Daniel_Rf, Sunday, 21 August 2022 11:56 (one year ago) link

He's supposed to be Irish, so of course he has bright red hair.

Buckfast At Tiffany's (Tom D.), Sunday, 21 August 2022 12:03 (one year ago) link

(xp) I notice Frank Wolff committed suicide in 1971, while another actor in the film, Al Mulock, committed suicide by jumping out of window, in costume, during the shooting. Leone is supposed to have said, on hearing the news, "Get the costume, we need the costume".

Buckfast At Tiffany's (Tom D.), Sunday, 21 August 2022 12:07 (one year ago) link

show must go on!

Daniel_Rf, Sunday, 21 August 2022 12:30 (one year ago) link

It's like something from Fassbinder's "Beware of a Holy Whore".

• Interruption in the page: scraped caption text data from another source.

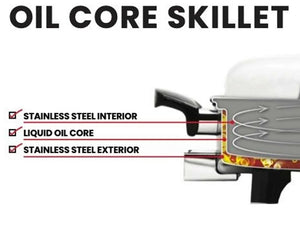 HEAT CONTROL for OIL CORE Electric Skillet Health Craft, Saladmaster, Society and more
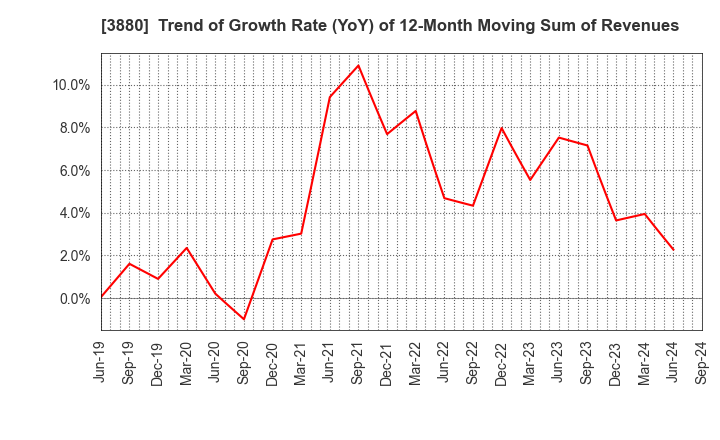 3880 Daio Paper Corporation: Trend of Growth Rate (YoY) of 12-Month Moving Sum of Revenues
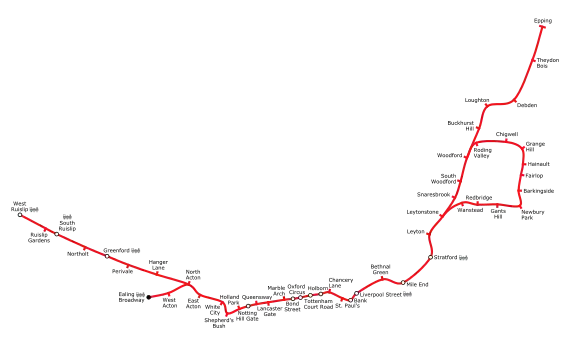 Geographical layout of the Central Line
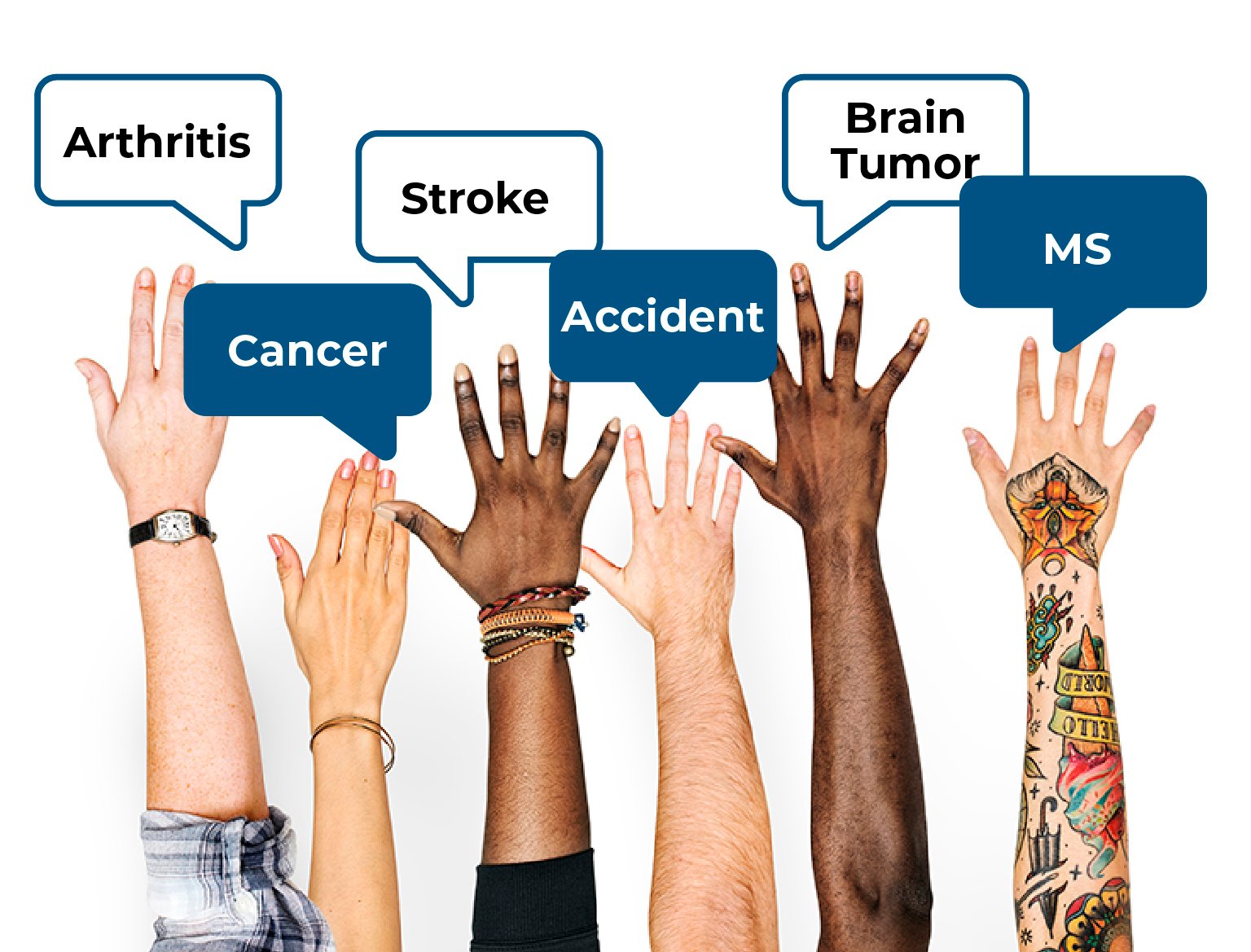 Long Term Care Basics Allstate Whole Life (LTCS)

Buckfast At Tiffany's (Tom D.), Sunday, 21 August 2022 12:33 (one year ago) link

Good observation

I’d Rather Gorblimey (James Redd and the Blecchs), Friday, 2 September 2022 01:13 (one year ago) link

one year passes...

watched A Fistful of Dollars for the first time in eons the other night. it's far more violent than i initially remembered, definitely goes far beyond any other western of its era. it's not shocking to anyone who's seen westerns from The Wild Bunch and after, but for 1964 it pushes some limits. i read a lot of contemporaneous reviews which consider it pretty bad but no, it's amazing. just the beautiful stark look of the town and the colors of the fire and blood, the dirt and sweat covering everyone at all time. and it's kind of remarkable how Eastwood immediately settled into the role without any growing pains, and how that role really informed the rest of his acting career so much. the absolute expert delivery of his lines when he confronts the men from the Baxter clan, asking them to apologize to his mule (after asking the undertaker to prepare three coffins), his almost tongue-in-cheek amorality masking his ability to do the right thing at the right moment in his own particular manner (i.e. getting Marisol and her family out of town after rescuing her from the Rojos), etc. overall it's a film that feels very contemporary and pitiless in a way that isn't intentionally feel-bad, but simply a brutal tale told well.

omar little, Tuesday, 20 February 2024 17:54 (one month ago) link

one month passes...

I just watched it recently too and agree with the above. I think I'd seen it before but honestly I don't remember. If so, it was years and years ago. I've seen reviews call it the punk-rock western and that seems appropriate. I think Quentin Tarantino stole almost all of his ideas from this movie. And of course the soundtrack is all-time.